Es wurde reichlich gegrummelt, als ich dies heute beim Digitalen Quartett einwarf. Es war eine spannende Runde zur Wahl-Nachbetrachtung, zu der uns die Bayerische Landesvertretung in Berlin eingeladen hatte. Leider war ich nicht in der Hauptstadt und konnte deshalb nur gelegentlich etwas einwerfen – aus akustischen Gründen lässt sich ein Hangout nicht ständig in einem Raum auf den Lautsprecher schalten.
Doch tatsächlich ist die Wahl in Deutschland faktisch eine Wahl der Älteren bis Alten: Über 50 Prozent der Wahlberechtigten sind über 50 Jahre alt.
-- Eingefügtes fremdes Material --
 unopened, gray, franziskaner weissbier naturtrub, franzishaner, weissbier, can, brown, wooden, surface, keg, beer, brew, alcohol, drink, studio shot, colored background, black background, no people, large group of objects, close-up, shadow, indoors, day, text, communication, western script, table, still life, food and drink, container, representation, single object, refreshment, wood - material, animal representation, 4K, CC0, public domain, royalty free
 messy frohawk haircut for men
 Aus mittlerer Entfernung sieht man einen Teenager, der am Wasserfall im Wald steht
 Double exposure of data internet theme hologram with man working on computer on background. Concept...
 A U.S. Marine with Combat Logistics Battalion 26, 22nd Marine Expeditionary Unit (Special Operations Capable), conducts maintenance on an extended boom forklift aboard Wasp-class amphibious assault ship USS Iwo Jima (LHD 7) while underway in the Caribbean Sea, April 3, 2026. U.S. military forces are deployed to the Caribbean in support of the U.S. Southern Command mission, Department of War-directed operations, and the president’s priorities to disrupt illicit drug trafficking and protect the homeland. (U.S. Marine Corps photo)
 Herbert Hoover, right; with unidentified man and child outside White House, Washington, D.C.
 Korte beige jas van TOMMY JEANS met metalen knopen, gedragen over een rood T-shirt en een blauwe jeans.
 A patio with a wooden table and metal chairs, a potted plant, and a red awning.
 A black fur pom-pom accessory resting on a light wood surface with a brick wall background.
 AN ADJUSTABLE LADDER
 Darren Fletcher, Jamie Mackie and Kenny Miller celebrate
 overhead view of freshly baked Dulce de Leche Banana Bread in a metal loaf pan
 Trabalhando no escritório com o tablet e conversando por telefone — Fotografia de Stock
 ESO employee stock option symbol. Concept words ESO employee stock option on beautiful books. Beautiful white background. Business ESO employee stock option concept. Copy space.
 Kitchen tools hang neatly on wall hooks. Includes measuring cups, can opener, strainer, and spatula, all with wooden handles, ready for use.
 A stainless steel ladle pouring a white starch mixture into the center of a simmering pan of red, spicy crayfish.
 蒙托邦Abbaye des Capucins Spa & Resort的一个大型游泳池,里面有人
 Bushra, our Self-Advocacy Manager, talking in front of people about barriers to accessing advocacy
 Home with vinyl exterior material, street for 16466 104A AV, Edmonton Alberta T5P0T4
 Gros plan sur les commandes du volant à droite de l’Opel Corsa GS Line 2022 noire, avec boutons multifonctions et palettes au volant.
Und für mich ist dies einer der Hauptgründe für das Ergebnis. Denn ab diesem Alter sinkt die Risikofreude, die Alterssicherung ist wichtig, erst recht, wenn neben einem rechts und links die Einschläge näher kommen (oder einen selbst treffen): Freunde sterben oder werden krank, Burnout wird zum Massenbrand, Arbeitslosigkeit bedeutet Beschäftigungslosigkeit bis zur Rente (die entsprechend karg wird). Und wenn man sie schon erhält, die Rente, möchte niemand etwas davon abgeben – was hätte er oder sie davon?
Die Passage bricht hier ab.